=== DATA SHOWN ===

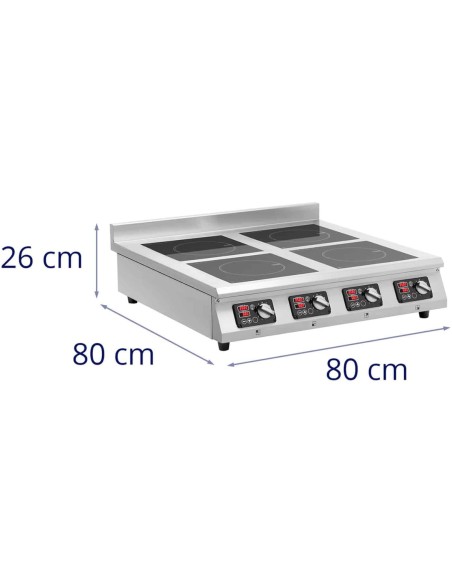 Indukcinė viryklė 4 degiklių stalviršio laikmatis 400 V 4 x 3500 W Indukcinė viryklė 4 degiklių stalviršio laikmatis 400 V 4 x 3500 W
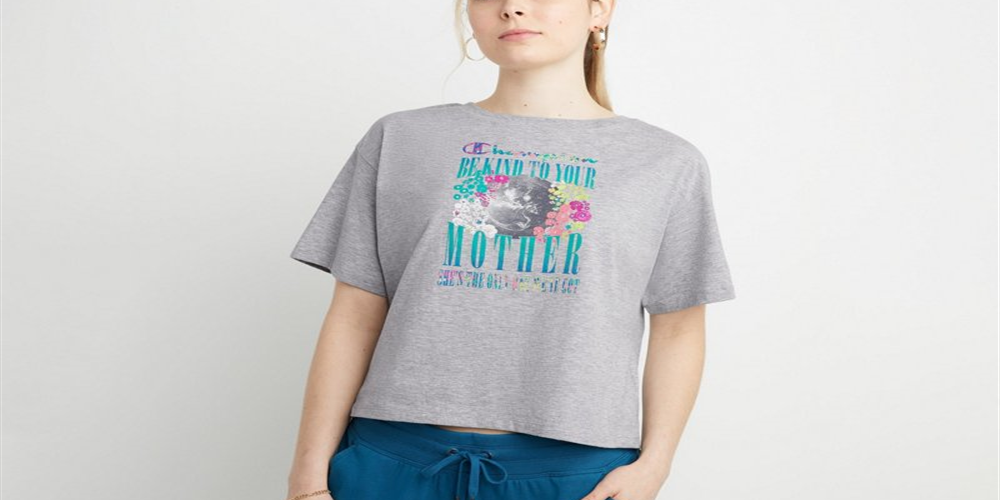 Camiseta feminina Champion Graphic Cropped manga curta cinza tamanho X-S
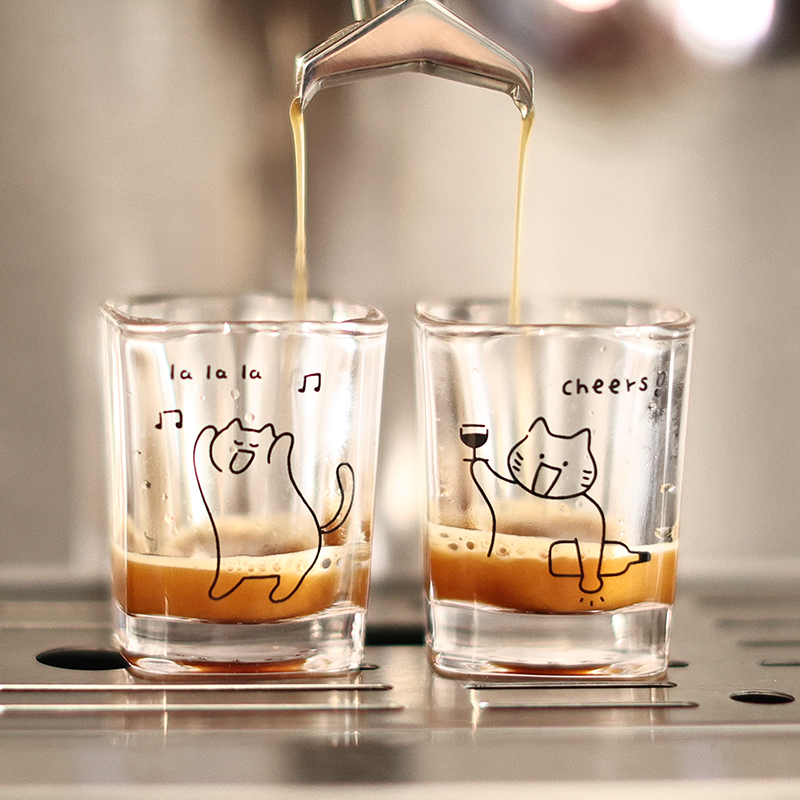 简笔画小猫玻璃浓缩咖啡液萃取杯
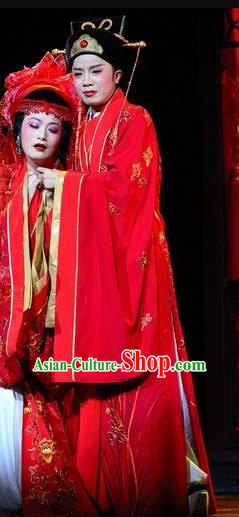 Chinese Yue Opera Lu You And Tang Wan Costumes and Headwear Shaoxing Opera Niche Xiaosheng Scholar Wedding Apparels Garment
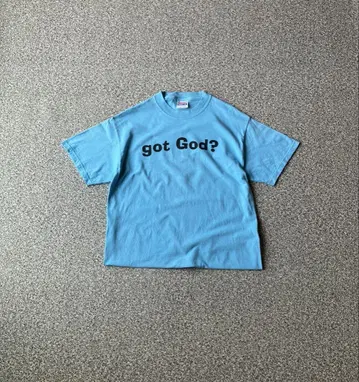 00s got God? 아트 티 메시지 티셔츠 스카이블루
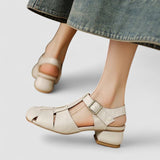 Eveline | Escarpins ouverts en cuir véritable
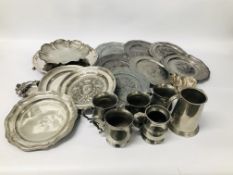 BOX OF ASSORTED VINTAGE PEWTER PLATES AND TANKARDS ETC.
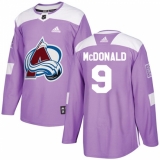 Youth Adidas Colorado Avalanche #9 Lanny McDonald Authentic Purple Fights Cancer Practice NHL Jersey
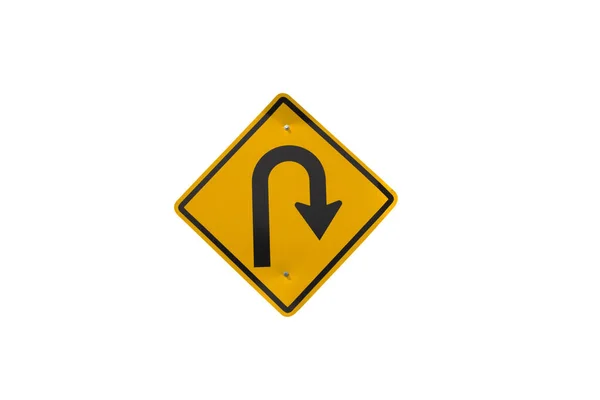 Turn Back Road Sign White Background — Stock Photo, Image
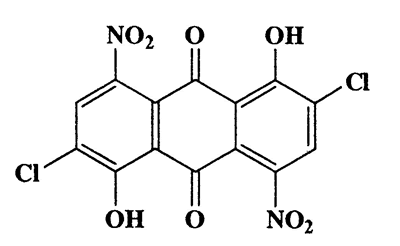 1,5-Dihydroxy-2,6-dichloro-4,8-dinitroanthraquinone,9,10-Anthracenedione,2,6-dichloro-1,5-dihydroxy-4,8-dinitro-,CAS 6883-99-4,399.19,C14H4Cl2N2O8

===

Beginning at the line above that contains "简笔画小猫玻璃浓缩咖啡液萃取杯" and going on through the line that contains "Turn Back Road", please copy every line exactly, leaving the pictures out and adding nothing.

 简笔画小猫玻璃浓缩咖啡液萃取杯
 Chinese Yue Opera Lu You And Tang Wan Costumes and Headwear Shaoxing Opera Niche Xiaosheng Scholar Wedding Apparels Garment
 00s got God? 아트 티 메시지 티셔츠 스카이블루
 Eveline | Escarpins ouverts en cuir véritable
 BOX OF ASSORTED VINTAGE PEWTER PLATES AND TANKARDS ETC.
 Youth Adidas Colorado Avalanche #9 Lanny McDonald Authentic Purple Fights Cancer Practice NHL Jersey
 Turn Back Road Sign White Background — Stock Photo, Image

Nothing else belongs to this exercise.